## Problem description
Each line of the material must be reproduced exactly; pictures stay out.

## Records provided
**********

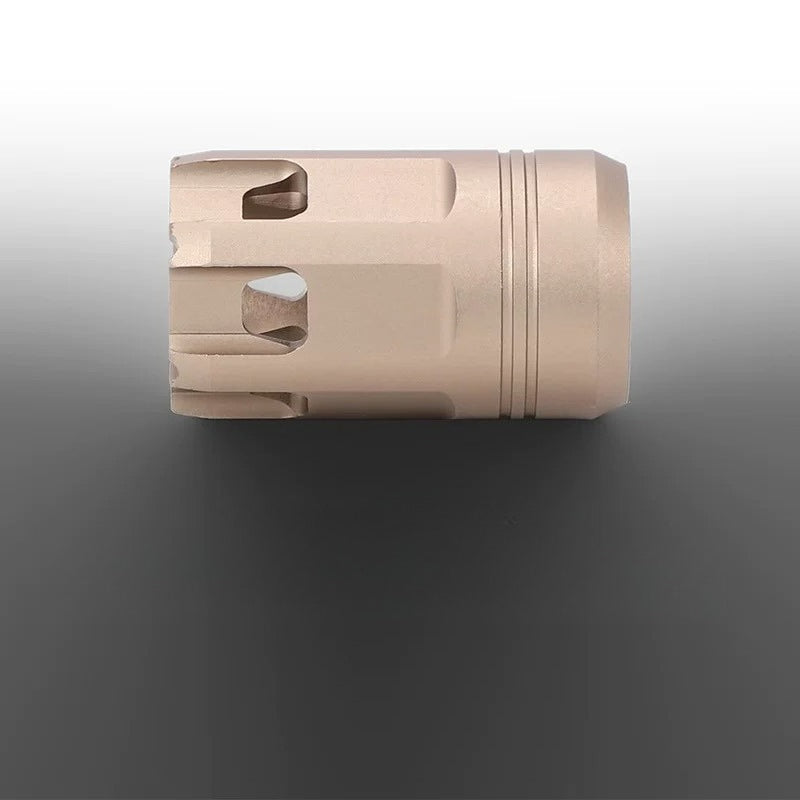 F4 Metal Muzzle Suppressor 14mm CCW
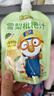 啵乐乐（Pororo）雪梨枇杷汁儿童饮料宝宝零食果汁果泥畅饮整箱装105ml*12 实拍图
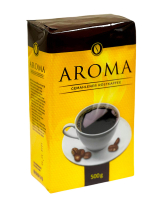Кава мелена Aroma, 500 г (100% арабіка) (4260459490371) - фото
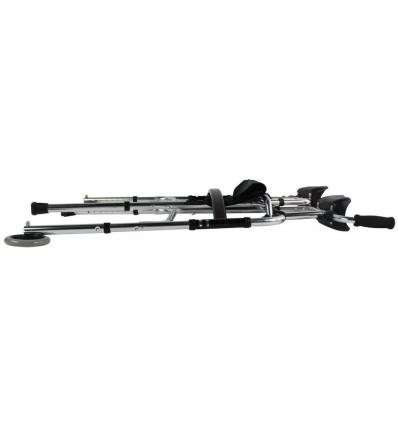 Cadre de marche avec appui antébrachial pliable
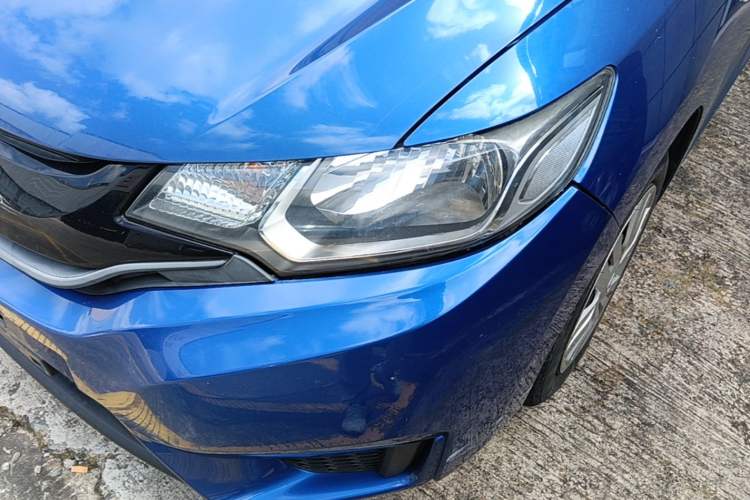 Used Honda Fit 2016 1.5L LXS CVT Comfort Sunroof Version Left Front Headlight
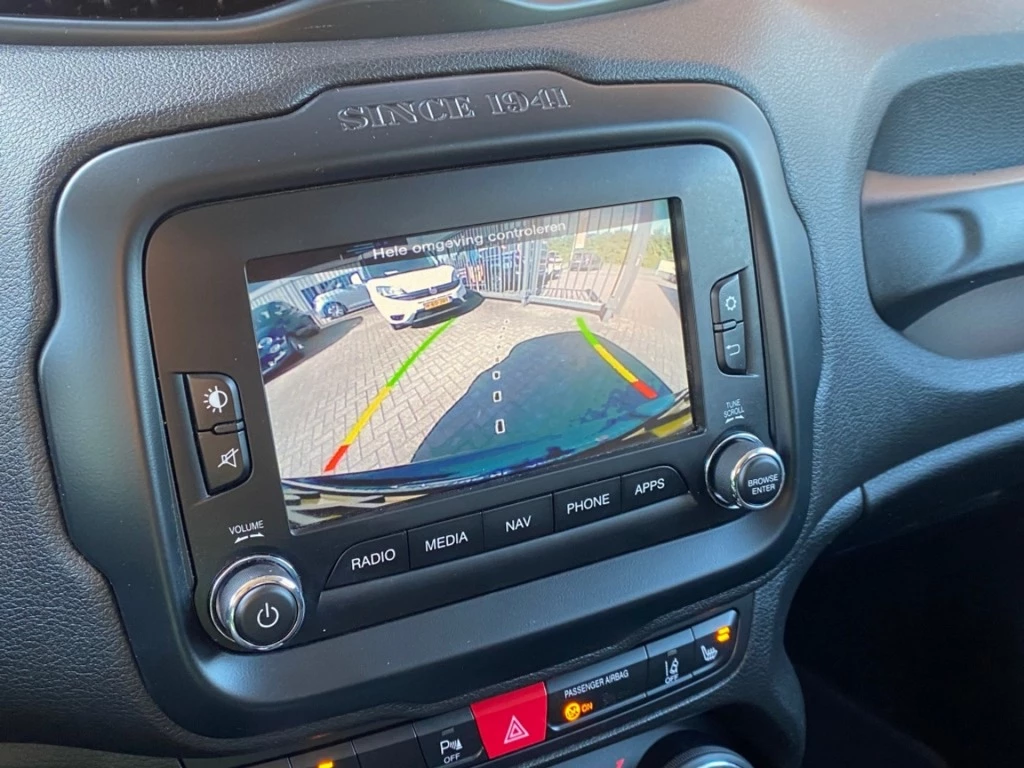 Hoofdafbeelding Jeep Renegade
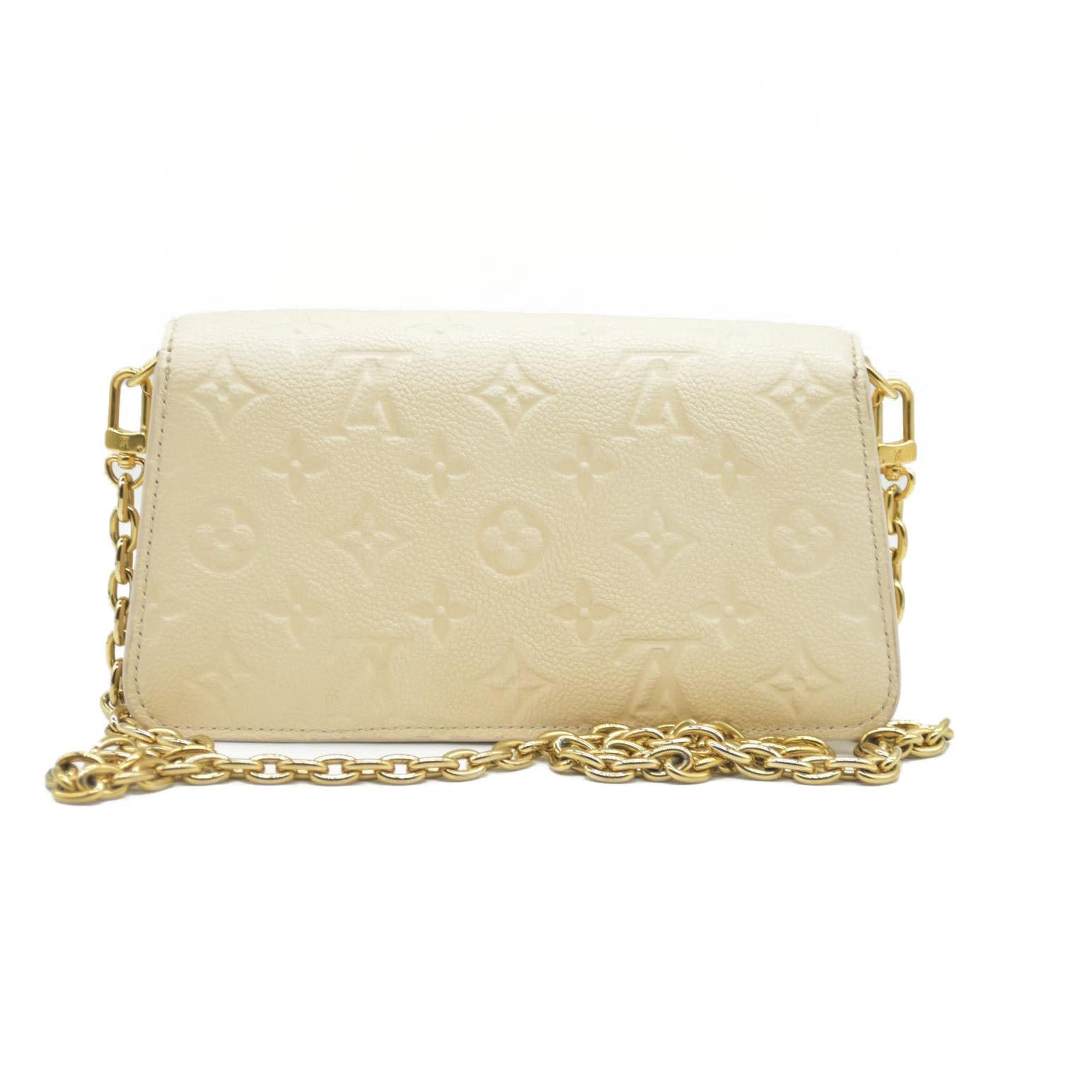 Louis Vuitton  Empreinte Metis Wallet On Chain Cream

**********

## Response to this task
 F4 Metal Muzzle Suppressor 14mm CCW
 啵乐乐（Pororo）雪梨枇杷汁儿童饮料宝宝零食果汁果泥畅饮整箱装105ml*12 实拍图
Кава мелена Aroma, 500 г (100% арабіка) (4260459490371) - фото
 Cadre de marche avec appui antébrachial pliable
 Used Honda Fit 2016 1.5L LXS CVT Comfort Sunroof Version Left Front Headlight
 Hoofdafbeelding Jeep Renegade
 Louis Vuitton  Empreinte Metis Wallet On Chain Cream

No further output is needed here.